A SYSTEMATIC APPROACH OF REGRESSION MODELS USING SKLEARN AND TENSORFLOW

Christian Masdeval - November 2017


In this kernel I will try to bring to you a resume of the analysis I have made in the House Prices dataset. My objective was to explore as many different predective models as possible trying to find the best one. It is divided in the following way:

    Understanding and cleaning the data
        Linear Regression Models
            Linear Regression
            Stochastic Gradient Descent
            Ridge
            Lasso
            Elastic Net
    Suport Vector Machine
    Neural Network
    Random Forests
    Gradient Boosting
    Deep Learning with TensorFlow
    Ensemble Technics

1 . Understanding and cleaning the data

First thing first. As mentioned by several authors, much of the work in make a good model is related to a good feature engineering process. It take a while until we start gain some significant intuition about what is going on but some steps are always present. I will describe what I did trying to stabilize the data and how I got to this decision. Anyway, I think the goals of this step that are always present in any dataset and should guide us are:

    Deal with missing values
    Select the best features

One more thing. As our objective is to analyze the test.csv file, create the submission file and upload it to kaggle, one premisse I have used was not to remove any single line from the test set. We must submit a result file with exactly the number of lines of the original test file.

What is the data

There are excellent kernels showing how to get a glimpse of the data (like Comprehensive data exploration with Python). Most of them have used programming languages like R ore Python to extract useful visualizations. I would also suggest to use the Weka tool to do that. I could get excellent insights about the data via Weka.
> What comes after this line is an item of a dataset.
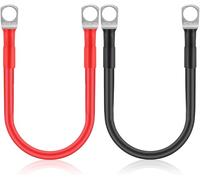 Thlevel 2pcs Bateria Cables Inversores 30cm 5AWG 16mm² con Terminales de Anillo para Camión Motocicleta Marino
We should also look the data dictonary when available. In our case it exists and bring important informations:

    *The categorical and numerial fields
    *The description of each one
    *That there is a category called NA to denote the absence of some characteristic (and Python also use NA)
    *That there are some categorical fields that have only numerical values (and Python will interpret them as numbers)


Categorical field with numerical values

    OverallQual: Rates the overall material and finish of the house

       10	Very Excellent
       9	Excellent
       8	Very Good
       7	Good
       6	Above Average
       5	Average
       4	Below Average
       3	Fair
       2	Poor
       1	Very Poor    


Value NA being used as a category

    Alley: Type of alley access to property

       Grvl	Gravel
       Pave	Paved
       NA 	No alley access

Missing values

Maybe the most common problem in real datasets is the presence of null values and most of the implementations of the regression algorithms break in the presence of them. Sometimes, instead of a blank in the position, a wildcard is used like ? or NA. However, as we see above, in the House Prices example the value NA is being used to denote other kind of information, what is a problem. So, our first attempt will be to exchange these NA values to the value 'No', denoting the absence of some characteristic.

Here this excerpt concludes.